Les lits en diagonale

 

Maison d'édition : Pocket

Date de parution : 01/03/2012

Prix chez l'éditeur : 6.20 €

Nombre de pages : 119

Nombre de tomes : 1

 

Résumé

 

 

Ils sont frère et sœur, ils sont inséparables. Son grand frère, c'est son héros, qui veille sur ses nuits.  Et puis un jour, sa mère lui explique : son grand frère a besoin de plus d'attention, de plus d'amour... Elle, elle n'est qu'une enfant, elle n'a pas remarqué les mots qui butent contre les lèvres, la démarche chaotique... Son monde s'écroule.  Alors elle l'aimera encore plus. Frère et sœur, ensemble, seuls contre le monde. 

 

 

Mon avis

 

Anne Icart nous raconte, dans ce récit autobiographique, sa relation avec son frère handicapé, Philo.
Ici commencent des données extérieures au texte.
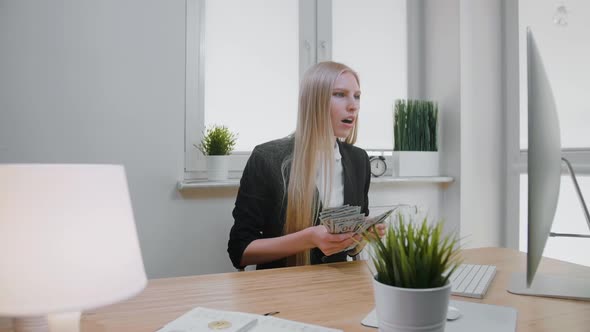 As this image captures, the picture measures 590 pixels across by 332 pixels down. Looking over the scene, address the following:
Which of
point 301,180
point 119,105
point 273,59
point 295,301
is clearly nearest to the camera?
point 295,301

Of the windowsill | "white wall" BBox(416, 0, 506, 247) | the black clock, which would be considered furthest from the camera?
"white wall" BBox(416, 0, 506, 247)

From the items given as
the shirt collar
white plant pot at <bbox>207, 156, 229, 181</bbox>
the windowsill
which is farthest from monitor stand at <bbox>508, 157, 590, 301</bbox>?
white plant pot at <bbox>207, 156, 229, 181</bbox>

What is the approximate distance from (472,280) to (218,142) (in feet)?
4.18

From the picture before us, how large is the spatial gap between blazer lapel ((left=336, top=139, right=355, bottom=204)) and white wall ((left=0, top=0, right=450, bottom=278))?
1.97 feet

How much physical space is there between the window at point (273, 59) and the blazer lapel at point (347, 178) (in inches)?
22.2

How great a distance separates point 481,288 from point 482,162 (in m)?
1.66

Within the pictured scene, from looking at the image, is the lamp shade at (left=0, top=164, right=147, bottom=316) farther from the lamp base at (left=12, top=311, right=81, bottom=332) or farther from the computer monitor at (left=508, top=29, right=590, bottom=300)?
the computer monitor at (left=508, top=29, right=590, bottom=300)

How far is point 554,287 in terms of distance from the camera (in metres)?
0.96

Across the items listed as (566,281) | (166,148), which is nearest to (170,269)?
(166,148)

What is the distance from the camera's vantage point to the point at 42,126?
1.73m

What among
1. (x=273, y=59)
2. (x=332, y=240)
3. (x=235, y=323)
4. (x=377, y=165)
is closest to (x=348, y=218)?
(x=332, y=240)

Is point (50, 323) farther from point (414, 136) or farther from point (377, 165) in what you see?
point (414, 136)

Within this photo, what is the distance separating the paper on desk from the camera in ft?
2.31

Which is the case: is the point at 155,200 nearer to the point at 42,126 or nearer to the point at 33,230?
the point at 42,126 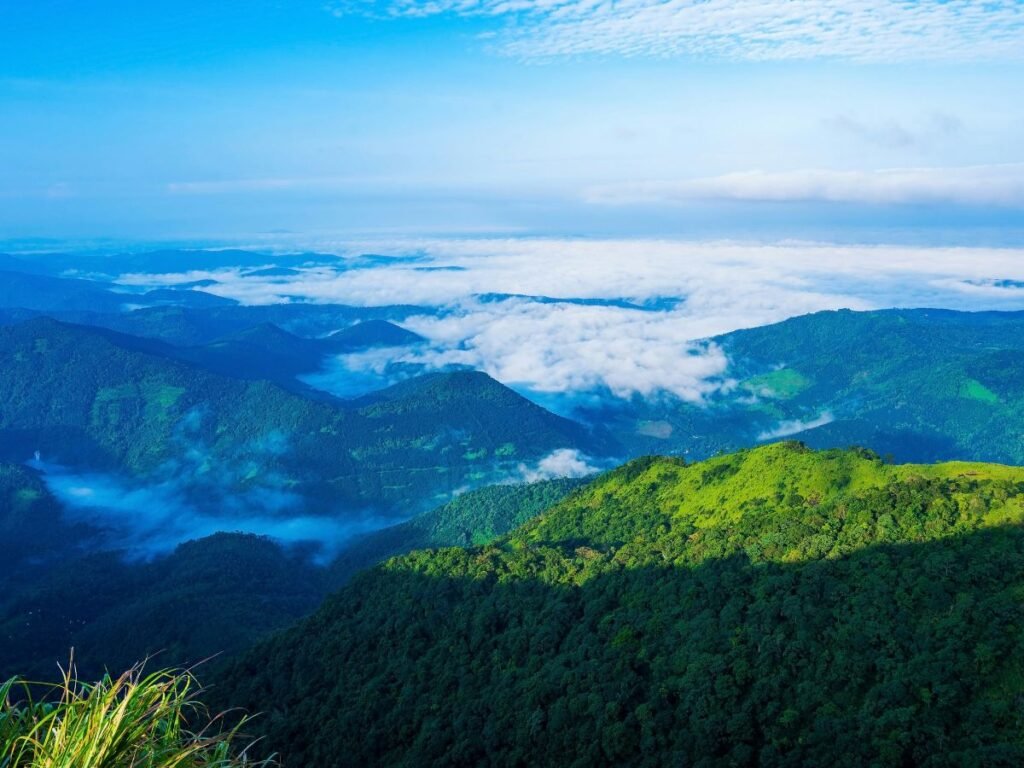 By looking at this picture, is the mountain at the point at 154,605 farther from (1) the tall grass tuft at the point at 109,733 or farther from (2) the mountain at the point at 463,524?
(1) the tall grass tuft at the point at 109,733

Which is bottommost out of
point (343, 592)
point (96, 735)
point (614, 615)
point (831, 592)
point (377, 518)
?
point (377, 518)

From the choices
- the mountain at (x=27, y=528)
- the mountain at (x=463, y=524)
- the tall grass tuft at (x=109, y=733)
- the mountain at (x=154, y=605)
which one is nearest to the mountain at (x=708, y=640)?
the mountain at (x=154, y=605)

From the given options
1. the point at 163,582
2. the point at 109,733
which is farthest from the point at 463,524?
the point at 109,733

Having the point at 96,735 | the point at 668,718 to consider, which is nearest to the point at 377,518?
the point at 668,718

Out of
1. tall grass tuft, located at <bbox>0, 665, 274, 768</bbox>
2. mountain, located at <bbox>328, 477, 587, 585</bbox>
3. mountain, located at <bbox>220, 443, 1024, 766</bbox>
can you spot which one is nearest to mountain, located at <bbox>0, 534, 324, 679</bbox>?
mountain, located at <bbox>328, 477, 587, 585</bbox>

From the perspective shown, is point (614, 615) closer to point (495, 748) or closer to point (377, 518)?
point (495, 748)

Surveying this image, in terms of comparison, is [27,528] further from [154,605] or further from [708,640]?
[708,640]

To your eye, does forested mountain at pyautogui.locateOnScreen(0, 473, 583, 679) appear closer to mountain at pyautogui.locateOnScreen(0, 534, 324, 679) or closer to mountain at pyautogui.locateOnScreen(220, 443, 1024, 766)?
mountain at pyautogui.locateOnScreen(0, 534, 324, 679) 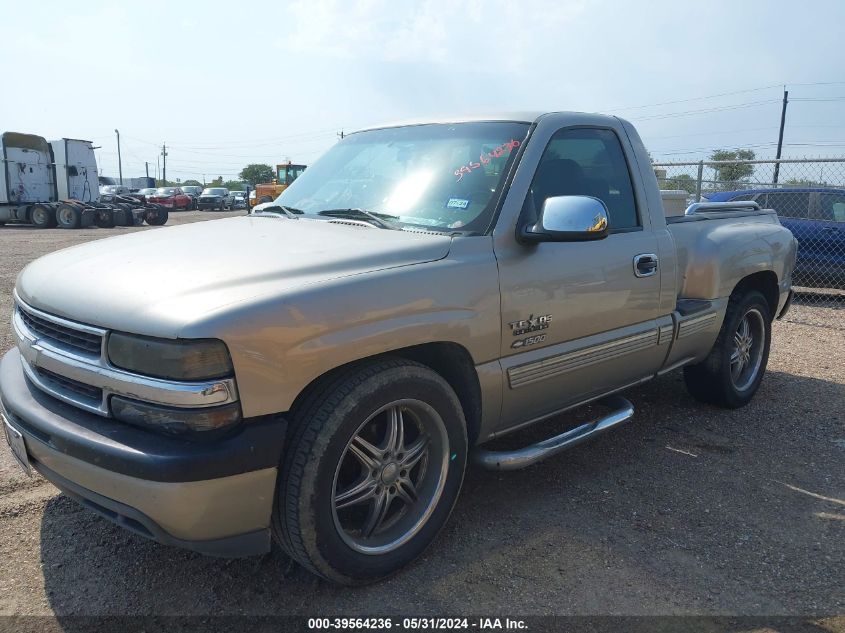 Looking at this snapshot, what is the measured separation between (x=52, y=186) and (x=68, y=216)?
2.29 metres

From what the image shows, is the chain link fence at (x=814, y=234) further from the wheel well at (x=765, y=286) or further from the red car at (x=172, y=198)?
the red car at (x=172, y=198)

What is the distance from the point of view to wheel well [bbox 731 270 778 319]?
476 centimetres

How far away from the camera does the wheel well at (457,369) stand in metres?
2.80

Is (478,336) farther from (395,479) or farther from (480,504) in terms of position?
(480,504)

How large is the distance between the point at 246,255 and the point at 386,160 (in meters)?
1.20

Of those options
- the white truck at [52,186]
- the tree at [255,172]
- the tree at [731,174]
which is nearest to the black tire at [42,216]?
the white truck at [52,186]

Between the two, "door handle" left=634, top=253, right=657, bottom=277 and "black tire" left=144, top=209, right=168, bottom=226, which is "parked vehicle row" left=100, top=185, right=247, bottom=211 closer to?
"black tire" left=144, top=209, right=168, bottom=226

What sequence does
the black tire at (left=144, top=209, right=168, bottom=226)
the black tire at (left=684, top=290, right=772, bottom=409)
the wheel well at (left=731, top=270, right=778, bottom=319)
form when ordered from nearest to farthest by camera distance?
1. the black tire at (left=684, top=290, right=772, bottom=409)
2. the wheel well at (left=731, top=270, right=778, bottom=319)
3. the black tire at (left=144, top=209, right=168, bottom=226)

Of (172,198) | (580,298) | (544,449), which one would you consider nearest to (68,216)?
(172,198)

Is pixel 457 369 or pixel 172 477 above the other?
pixel 457 369

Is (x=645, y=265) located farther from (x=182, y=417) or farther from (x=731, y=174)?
(x=731, y=174)

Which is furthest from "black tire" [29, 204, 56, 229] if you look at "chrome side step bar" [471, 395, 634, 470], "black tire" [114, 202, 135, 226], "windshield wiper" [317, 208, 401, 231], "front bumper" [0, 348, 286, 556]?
"chrome side step bar" [471, 395, 634, 470]

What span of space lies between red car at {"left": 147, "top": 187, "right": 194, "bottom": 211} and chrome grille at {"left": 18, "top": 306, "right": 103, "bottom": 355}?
3554 cm

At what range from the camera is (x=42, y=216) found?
23.7m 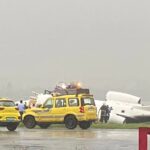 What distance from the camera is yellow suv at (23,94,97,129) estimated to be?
32.4m

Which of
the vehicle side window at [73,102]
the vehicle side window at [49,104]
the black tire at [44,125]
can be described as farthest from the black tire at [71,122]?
the black tire at [44,125]

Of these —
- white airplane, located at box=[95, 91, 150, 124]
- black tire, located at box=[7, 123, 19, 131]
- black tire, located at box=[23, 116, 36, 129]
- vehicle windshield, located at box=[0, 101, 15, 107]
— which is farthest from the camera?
white airplane, located at box=[95, 91, 150, 124]

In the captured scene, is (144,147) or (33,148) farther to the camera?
(33,148)

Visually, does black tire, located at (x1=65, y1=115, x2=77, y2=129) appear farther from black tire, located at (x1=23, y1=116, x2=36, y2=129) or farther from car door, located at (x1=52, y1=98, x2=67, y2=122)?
black tire, located at (x1=23, y1=116, x2=36, y2=129)

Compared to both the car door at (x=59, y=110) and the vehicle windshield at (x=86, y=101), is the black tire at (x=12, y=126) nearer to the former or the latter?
the car door at (x=59, y=110)

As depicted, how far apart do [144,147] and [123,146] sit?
10.5 metres

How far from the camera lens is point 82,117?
106 feet

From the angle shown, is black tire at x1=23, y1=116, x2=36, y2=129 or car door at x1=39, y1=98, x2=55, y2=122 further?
black tire at x1=23, y1=116, x2=36, y2=129

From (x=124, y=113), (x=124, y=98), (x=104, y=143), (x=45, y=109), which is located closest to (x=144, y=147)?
(x=104, y=143)

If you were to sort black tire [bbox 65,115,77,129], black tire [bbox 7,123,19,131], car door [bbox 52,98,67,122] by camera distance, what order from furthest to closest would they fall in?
car door [bbox 52,98,67,122] → black tire [bbox 65,115,77,129] → black tire [bbox 7,123,19,131]

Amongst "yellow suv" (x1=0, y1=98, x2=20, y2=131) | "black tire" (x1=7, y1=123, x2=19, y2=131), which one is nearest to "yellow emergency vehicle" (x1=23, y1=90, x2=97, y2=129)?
"black tire" (x1=7, y1=123, x2=19, y2=131)

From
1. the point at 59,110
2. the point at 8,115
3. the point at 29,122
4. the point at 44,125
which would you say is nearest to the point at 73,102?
the point at 59,110

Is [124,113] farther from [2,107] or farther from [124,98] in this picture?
[2,107]

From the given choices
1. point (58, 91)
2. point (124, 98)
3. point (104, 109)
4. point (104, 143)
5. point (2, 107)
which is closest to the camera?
point (104, 143) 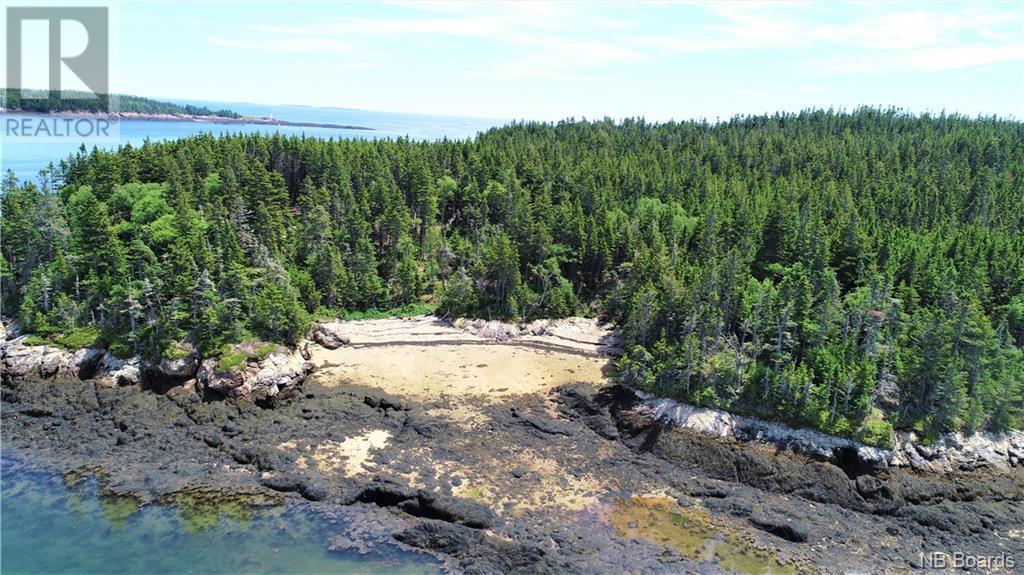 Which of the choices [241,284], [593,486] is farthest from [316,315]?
[593,486]

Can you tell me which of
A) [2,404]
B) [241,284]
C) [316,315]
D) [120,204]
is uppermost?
[120,204]

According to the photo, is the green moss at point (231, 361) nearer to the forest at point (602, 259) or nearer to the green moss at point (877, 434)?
the forest at point (602, 259)

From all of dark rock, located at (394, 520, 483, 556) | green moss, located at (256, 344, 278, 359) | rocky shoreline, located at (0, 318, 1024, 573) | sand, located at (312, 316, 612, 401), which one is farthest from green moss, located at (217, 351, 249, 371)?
dark rock, located at (394, 520, 483, 556)

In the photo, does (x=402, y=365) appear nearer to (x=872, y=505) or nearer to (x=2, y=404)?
(x=2, y=404)

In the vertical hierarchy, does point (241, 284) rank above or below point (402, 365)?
above

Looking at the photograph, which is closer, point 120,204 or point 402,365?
point 402,365

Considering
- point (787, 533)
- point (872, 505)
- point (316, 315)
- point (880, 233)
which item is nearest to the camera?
point (787, 533)

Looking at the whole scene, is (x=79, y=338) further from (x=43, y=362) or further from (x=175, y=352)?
(x=175, y=352)

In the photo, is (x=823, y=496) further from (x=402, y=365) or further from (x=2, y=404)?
(x=2, y=404)

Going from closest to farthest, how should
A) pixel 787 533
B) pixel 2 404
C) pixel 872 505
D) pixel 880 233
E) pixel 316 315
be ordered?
pixel 787 533
pixel 872 505
pixel 2 404
pixel 316 315
pixel 880 233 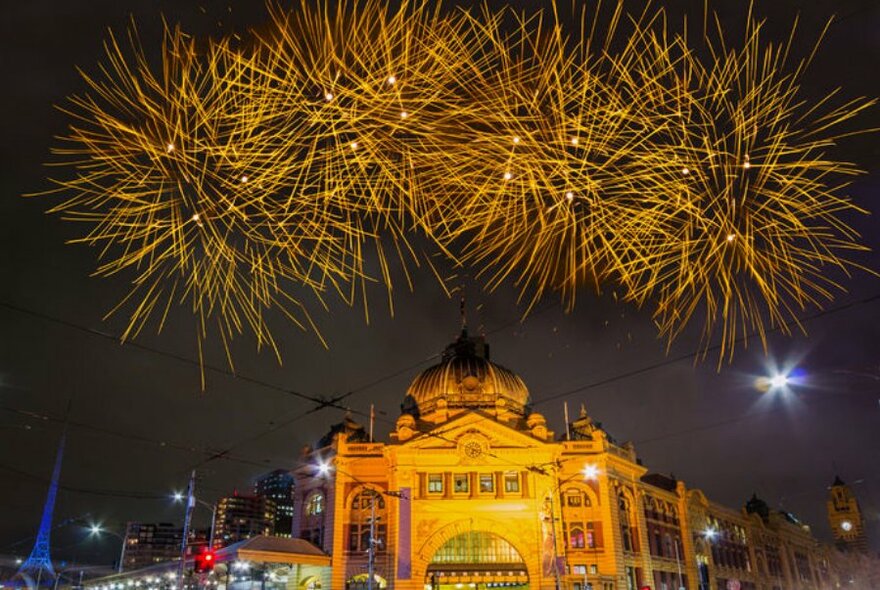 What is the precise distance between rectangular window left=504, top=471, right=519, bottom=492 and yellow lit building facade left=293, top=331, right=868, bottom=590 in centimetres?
10

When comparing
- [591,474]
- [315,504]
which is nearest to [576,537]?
[591,474]

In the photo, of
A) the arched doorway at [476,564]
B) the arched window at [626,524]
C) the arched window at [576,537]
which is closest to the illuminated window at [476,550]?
the arched doorway at [476,564]

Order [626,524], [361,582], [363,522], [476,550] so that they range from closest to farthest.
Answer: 1. [476,550]
2. [361,582]
3. [363,522]
4. [626,524]

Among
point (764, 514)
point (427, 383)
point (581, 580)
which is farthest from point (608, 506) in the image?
point (764, 514)

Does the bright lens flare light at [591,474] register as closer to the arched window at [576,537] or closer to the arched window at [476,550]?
the arched window at [576,537]

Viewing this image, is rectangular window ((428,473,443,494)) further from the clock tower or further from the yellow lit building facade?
the clock tower

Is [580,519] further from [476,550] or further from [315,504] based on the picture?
[315,504]

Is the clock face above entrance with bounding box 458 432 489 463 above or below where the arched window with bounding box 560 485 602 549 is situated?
above

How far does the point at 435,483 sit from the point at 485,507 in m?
3.93

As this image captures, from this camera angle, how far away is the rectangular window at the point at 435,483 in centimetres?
5122

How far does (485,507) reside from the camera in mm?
50344

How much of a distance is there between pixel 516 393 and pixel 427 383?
315 inches

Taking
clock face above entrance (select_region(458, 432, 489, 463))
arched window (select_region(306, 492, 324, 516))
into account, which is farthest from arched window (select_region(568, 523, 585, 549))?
arched window (select_region(306, 492, 324, 516))

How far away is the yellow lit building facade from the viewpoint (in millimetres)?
49281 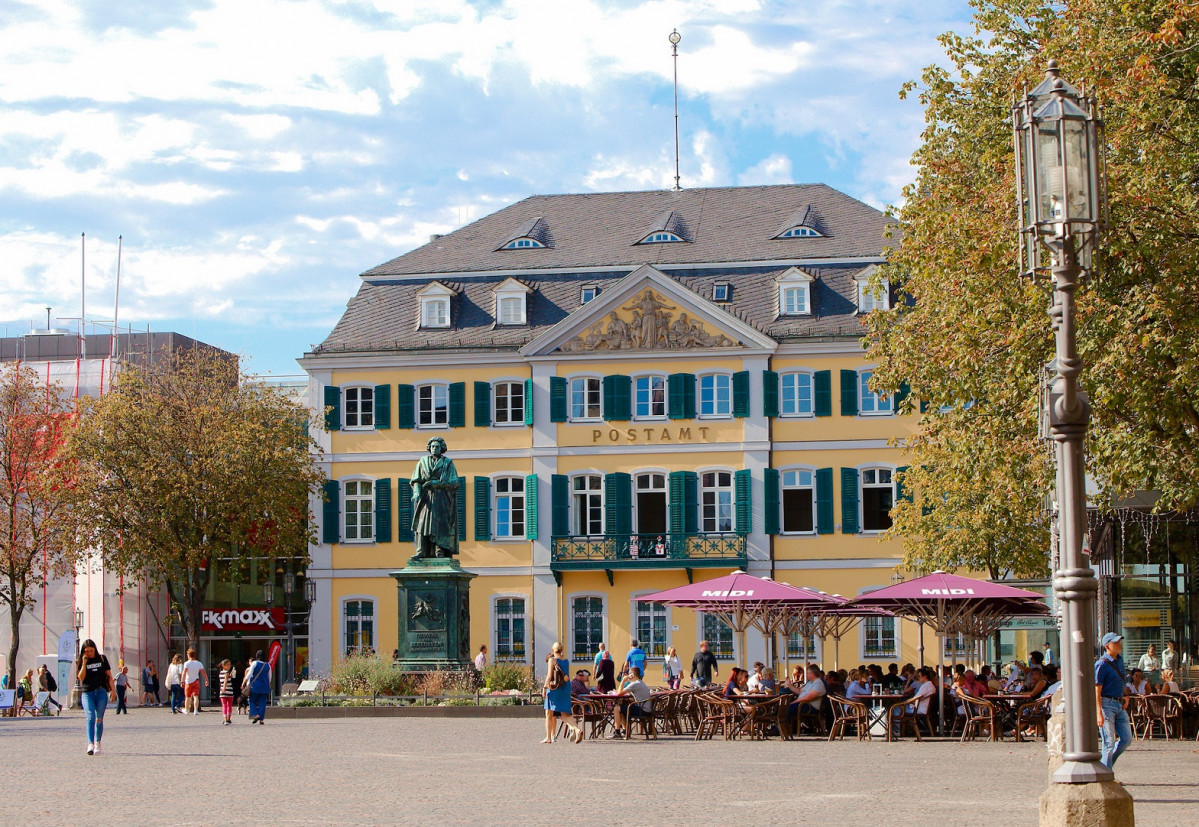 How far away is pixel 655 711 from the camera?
80.9 ft

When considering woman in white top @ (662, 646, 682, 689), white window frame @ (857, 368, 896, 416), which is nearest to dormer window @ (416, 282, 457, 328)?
white window frame @ (857, 368, 896, 416)

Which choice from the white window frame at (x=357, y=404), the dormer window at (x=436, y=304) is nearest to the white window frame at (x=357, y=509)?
the white window frame at (x=357, y=404)

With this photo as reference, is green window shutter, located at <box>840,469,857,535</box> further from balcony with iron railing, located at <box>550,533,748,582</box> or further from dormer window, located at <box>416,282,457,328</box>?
dormer window, located at <box>416,282,457,328</box>

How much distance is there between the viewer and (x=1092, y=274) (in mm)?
16906

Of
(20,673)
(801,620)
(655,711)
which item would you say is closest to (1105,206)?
(655,711)

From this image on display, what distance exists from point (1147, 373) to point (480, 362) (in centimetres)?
2774

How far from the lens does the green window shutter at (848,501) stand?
4359 centimetres

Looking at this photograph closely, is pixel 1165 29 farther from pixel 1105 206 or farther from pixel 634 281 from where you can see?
pixel 634 281

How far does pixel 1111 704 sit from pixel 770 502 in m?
28.9

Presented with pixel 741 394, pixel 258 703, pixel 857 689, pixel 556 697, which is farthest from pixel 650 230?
pixel 556 697

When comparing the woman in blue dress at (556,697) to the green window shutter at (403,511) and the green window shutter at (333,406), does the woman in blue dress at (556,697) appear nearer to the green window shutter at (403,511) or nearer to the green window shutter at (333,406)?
the green window shutter at (403,511)

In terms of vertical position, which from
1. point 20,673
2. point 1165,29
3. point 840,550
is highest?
point 1165,29

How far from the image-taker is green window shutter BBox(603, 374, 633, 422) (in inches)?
1747

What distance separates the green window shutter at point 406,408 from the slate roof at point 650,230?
379 cm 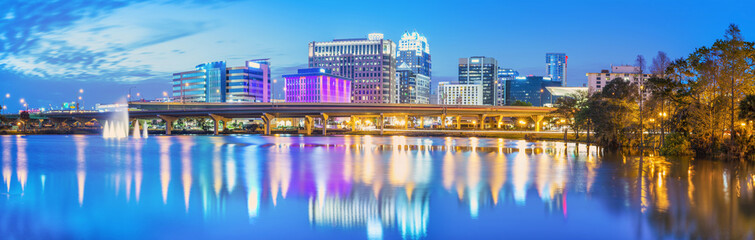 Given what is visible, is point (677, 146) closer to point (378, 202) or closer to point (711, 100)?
point (711, 100)

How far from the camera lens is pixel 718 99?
47.1m

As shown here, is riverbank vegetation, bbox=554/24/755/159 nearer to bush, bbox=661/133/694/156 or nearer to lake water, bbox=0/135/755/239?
bush, bbox=661/133/694/156

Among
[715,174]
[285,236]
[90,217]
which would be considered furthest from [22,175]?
[715,174]

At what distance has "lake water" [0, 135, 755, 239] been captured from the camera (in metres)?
17.8

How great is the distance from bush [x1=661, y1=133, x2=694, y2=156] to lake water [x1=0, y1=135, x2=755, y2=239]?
11054mm

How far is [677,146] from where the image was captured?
50.5m

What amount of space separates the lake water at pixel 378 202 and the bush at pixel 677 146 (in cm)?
1105

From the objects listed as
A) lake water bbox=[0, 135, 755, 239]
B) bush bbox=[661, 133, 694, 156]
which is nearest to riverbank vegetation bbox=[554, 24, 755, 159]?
bush bbox=[661, 133, 694, 156]

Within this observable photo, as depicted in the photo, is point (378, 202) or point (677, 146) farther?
point (677, 146)

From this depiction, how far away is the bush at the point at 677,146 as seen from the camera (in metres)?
50.3

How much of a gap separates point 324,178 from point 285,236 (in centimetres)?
1530

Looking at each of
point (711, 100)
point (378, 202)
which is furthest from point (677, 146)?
point (378, 202)

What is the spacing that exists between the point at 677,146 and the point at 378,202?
129ft

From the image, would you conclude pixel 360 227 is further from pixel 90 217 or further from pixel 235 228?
pixel 90 217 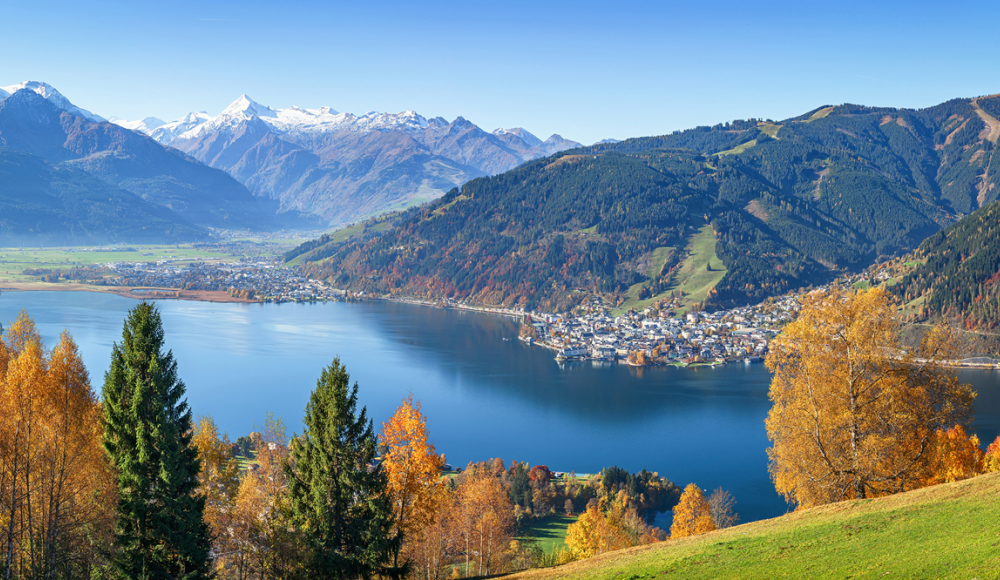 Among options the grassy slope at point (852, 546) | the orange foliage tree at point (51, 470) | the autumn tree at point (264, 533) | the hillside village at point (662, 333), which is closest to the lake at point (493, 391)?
the hillside village at point (662, 333)

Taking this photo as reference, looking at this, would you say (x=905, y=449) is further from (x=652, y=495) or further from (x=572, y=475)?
(x=572, y=475)

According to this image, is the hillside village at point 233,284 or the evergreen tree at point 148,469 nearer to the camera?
the evergreen tree at point 148,469

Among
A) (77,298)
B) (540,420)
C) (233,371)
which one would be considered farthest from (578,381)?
(77,298)

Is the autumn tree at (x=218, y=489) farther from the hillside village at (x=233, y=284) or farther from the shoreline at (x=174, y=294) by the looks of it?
the hillside village at (x=233, y=284)

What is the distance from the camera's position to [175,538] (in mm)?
16578

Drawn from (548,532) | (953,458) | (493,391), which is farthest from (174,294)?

Elle partage avec nous ses souvenirs d'enfance et d'adulte avec énormément de tendresse et de douceur. En lisant la quatrième de couverture, on pourrait s'imaginer verser des larmes... Mais non. Cette histoire n'est pas triste. Loin de là. On y voit un lien fraternel très fort, du courage et beaucoup de sincérité.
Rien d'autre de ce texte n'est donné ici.